Job Description
Job Description
We need a senior DevOps and Observability Engineer, on contract. The role covers
infrastructure automation, CI/CD pipelines, cloud operations, and observability. You own both sides: build-and-deploy and the observability stack.
On-call rotation is part of the job, shared across the team.
Background check required.
Required Skills
• Infrastructure as Code and configuration management: Terraform for infrastructure,
Ansible for application deployment and config
• Scripting: Bash, Python, PowerShell
• CI/CD pipelines: GitHub Actions, including integration of SAST, DAST, secret
scanning, and dependency auditing without turning every deploy into a compliance
obstacle course
• Cloud platforms: AWS and/or Azure
• Cloud cost management: Infracost with pre-commit hooks, AWS Cost Explorer, AWS
Budgets, Azure Cost Management + Billing, Azure Budgets
• Identity and access management: IAM across cloud platforms; least privilege in
practice, not just on paper
• Networking fundamentals: VNETs, VPCs, subnets, routing, and enough
troubleshooting instinct to isolate a network problem without immediately filing a
ticket
• Log management: Splunk and/or ELK Stack (Elasticsearch, Logstash, Kibana)

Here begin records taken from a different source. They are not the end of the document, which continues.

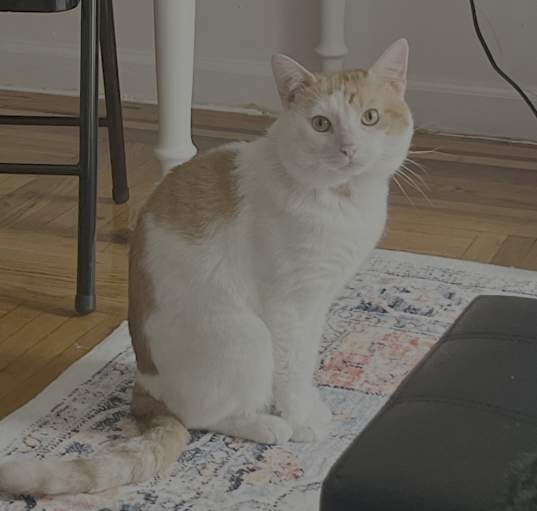Photo of Nugget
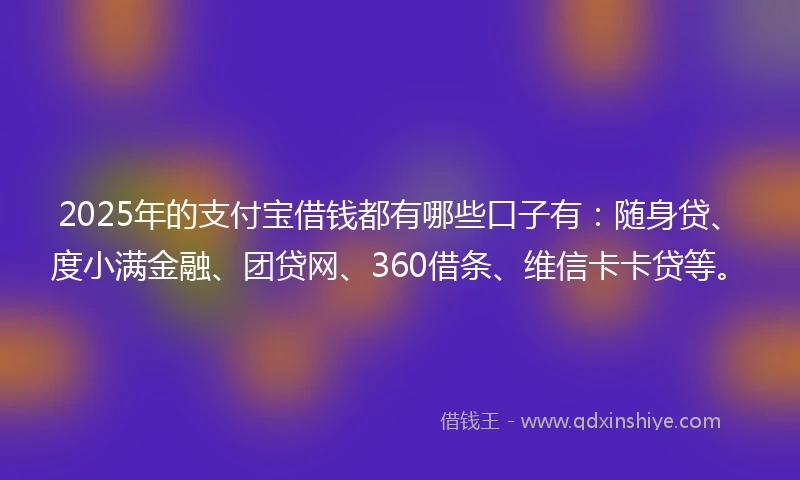 2025年的支付宝借钱都有哪些口子有：随身贷、度小满金融、团贷网、360借条、维信卡卡贷等。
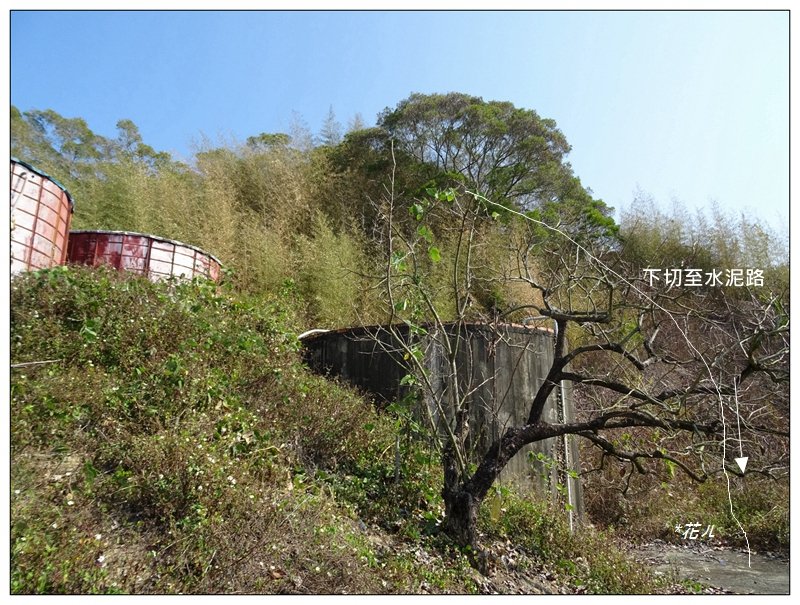 豐原/觀音山O形一圈_1263979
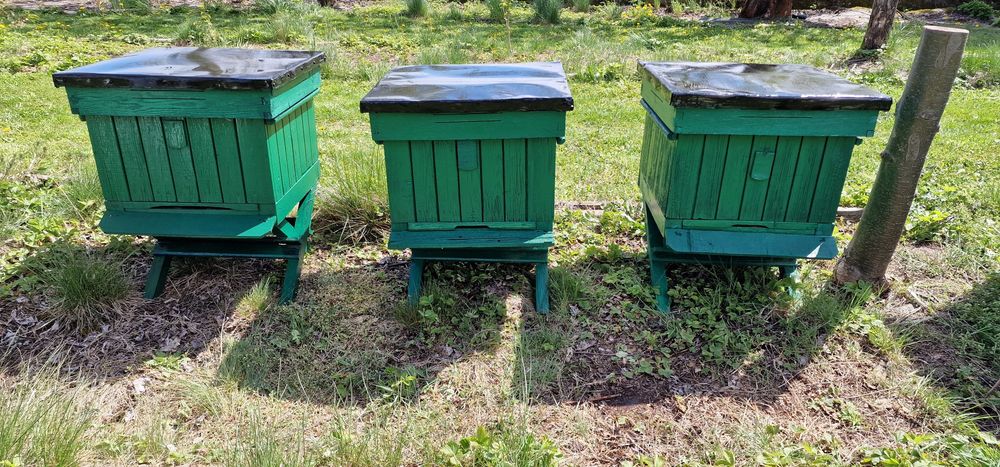 3x ul Wielkopolski, dennica, stojak i daszek, bez korpusu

• Observability and alerting: LogicMonitor
• Containerization: Docker, including writing efficient Dockerfiles and keeping images
lean; you know why bloated images are a problem and you don’t copy the internet’s
bad habits
• Version control: Git/GitHub
What You Bring
• 5 to 8 years in DevOps or platform engineering
• You build observability pipelines and alerting frameworks from scratch
• Cross-platform experience (Linux and Windows); Linux-first thinking is a plus
• You build tools, not workarounds
• You don’t need hand-holding to ship
• You’ve been on-call long enough to know the difference between an alert that
matters and one that wakes everyone up for nothing. When an incident hits, you
lead the call. Your post-mortems result in actual changes, not a doc nobody reads.
• You can connect SLO/SLA metrics to outcomes the business actually cares about
Nice to Have
• Kubernetes cluster administration
• Prometheus and/or Grafana (dashboard design and metrics pipelines)
• LogicMonitor Synthetics or similar uptime and synthetic